-- PROBLEM DETAILS --
Each line of the material must be reproduced exactly; pictures stay out.

-- DATA EXTRACT --
☆ ☆ ☆
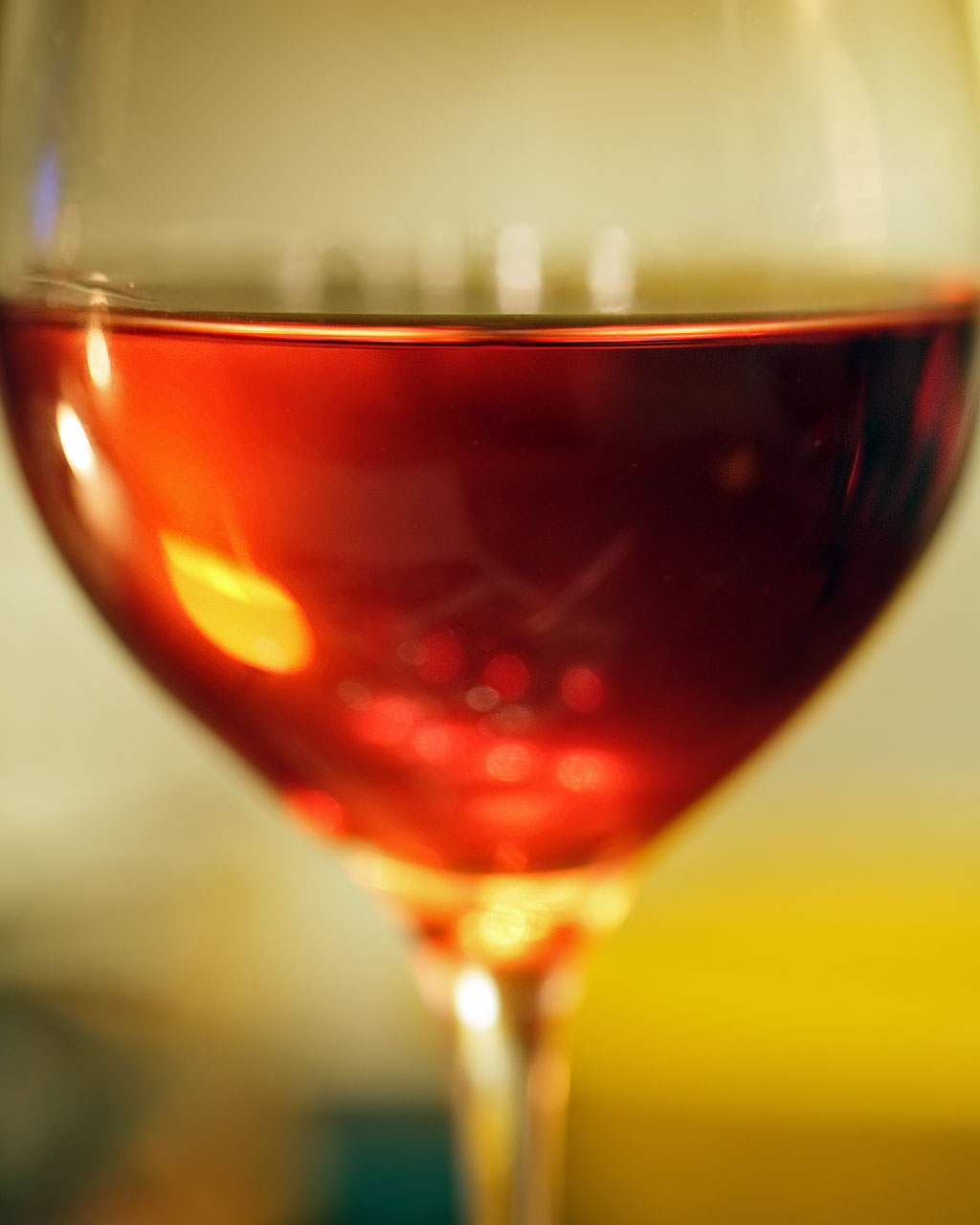 kerzenlicht-glas-rotwein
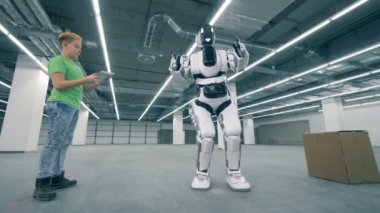 Genç çocuk bir karton kutu Asansör bir robot yapma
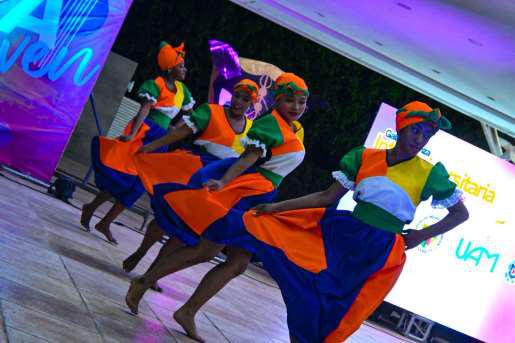 Danza--(33)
☆ ☆ ☆
-- WRITTEN SOLUTION --
 kerzenlicht-glas-rotwein
 Genç çocuk bir karton kutu Asansör bir robot yapma
 Danza--(33)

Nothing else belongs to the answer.